Utilities and the push for cheaper homes

05 Dec 2018 / 01:04 H.

    IN the 1970s, utility companies rightfully invested and provided the necessary capital expenditure to install the requisite infrastructure to serve their customers.

    In the 1980s, the utility companies discovered the power of their natural monopolies and started to impose on developers to build the necessary infrastructure as a condition for the utility companies to deliver their service.

    For electricity supply, it started with laying cables and lamp posts but eventually having to build and pay for the sub-station buildings, the transformers and equipment.

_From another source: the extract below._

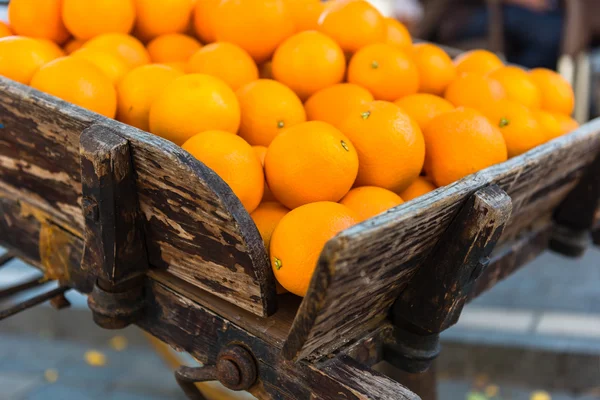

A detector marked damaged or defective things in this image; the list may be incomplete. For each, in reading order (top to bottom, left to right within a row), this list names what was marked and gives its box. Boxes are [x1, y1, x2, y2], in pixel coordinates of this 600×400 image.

rusty metal bracket [173, 346, 258, 398]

Levies in the form of application and connection fees were then introduced to the consumers.

    It did not take too long after that for the utility companies to include contribution supposedly for upgrading upstream plants and cables to bring the utility to the doorstep of any development.

    Developers have no alternative but to succumb to such increasingly outrageous demands otherwise the confirmation of availability of supply is withheld. All these impositions are included in the development costs and passed on to house buyers.

    Emboldened by making developers pay up, the utility companies introduced new levies. Now, developers have to pay a capital contribution, not based on the cost of any upgrade, but based on a percentage of the selling price of the properties. Where is the correlation between selling price and the genuine cost of any upgrade of upstream infrastructure?

    All these add to the cost of development and we have now reached the point where houses have become unaffordable to many.

    The Association of Water and Energy Research Malaysia has warned that if such infrastructure were to be paid for by the utility companies and if no capital contribution is imposed, the tariff for utilities will have to be higher. Yet these companies are raking in profits, distributing dividends to shareholders, many of whom are foreign investors and funds.

    The fundamental principle in business is that the business must invest in their business to make business. To add further insult, developers are actually creating new consumers and bringing new businesses to these companies after having to front up all the cost enabling these utility companies to profit. Since the question of affordability is being addressed , it is hoped that this unfair treatment of developers and consumers should be reviewed.